> _INSTRUCTIONS TO FOLLOW_: Exactly the lines starting at the line containing "Foto de um(a)" and ending at the line containing "股票交流平台网站 储能黑马出大瓜，海辰储能的危局与岔路口。" are to be written out from the listing below, both included.

(DATA PROVIDED begins)

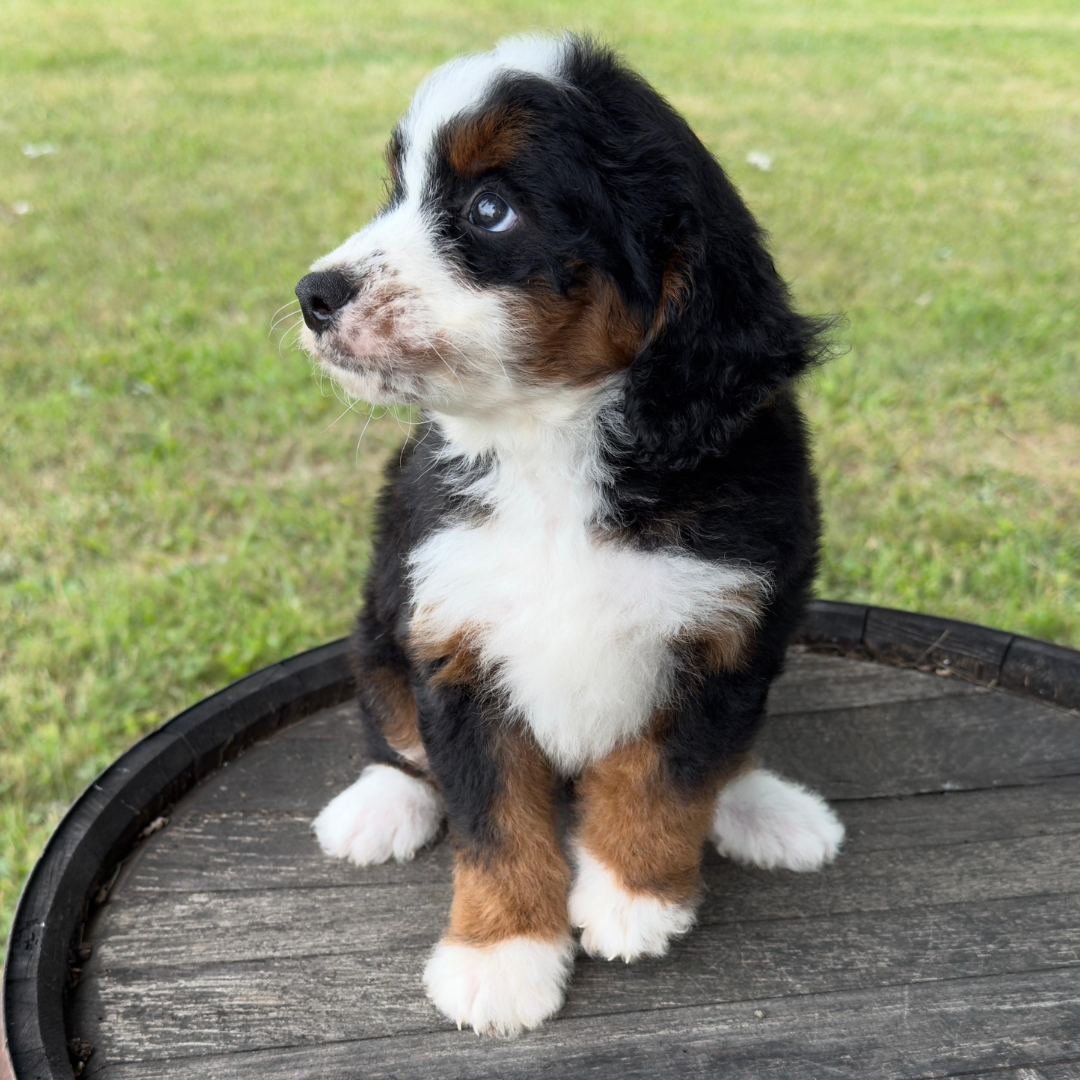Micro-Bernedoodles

(DATA PROVIDED ends)
(DATA PROVIDED begins)

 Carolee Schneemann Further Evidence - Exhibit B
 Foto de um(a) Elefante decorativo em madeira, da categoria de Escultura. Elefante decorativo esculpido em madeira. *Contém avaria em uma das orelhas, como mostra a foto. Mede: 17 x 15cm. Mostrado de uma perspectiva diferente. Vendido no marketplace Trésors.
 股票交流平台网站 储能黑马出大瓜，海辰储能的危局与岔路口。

(DATA PROVIDED ends)

> _REPLY_:
 Foto de um(a) Elefante decorativo em madeira, da categoria de Escultura. Elefante decorativo esculpido em madeira. *Contém avaria em uma das orelhas, como mostra a foto. Mede: 17 x 15cm. Mostrado de uma perspectiva diferente. Vendido no marketplace Trésors.
 股票交流平台网站 储能黑马出大瓜，海辰储能的危局与岔路口。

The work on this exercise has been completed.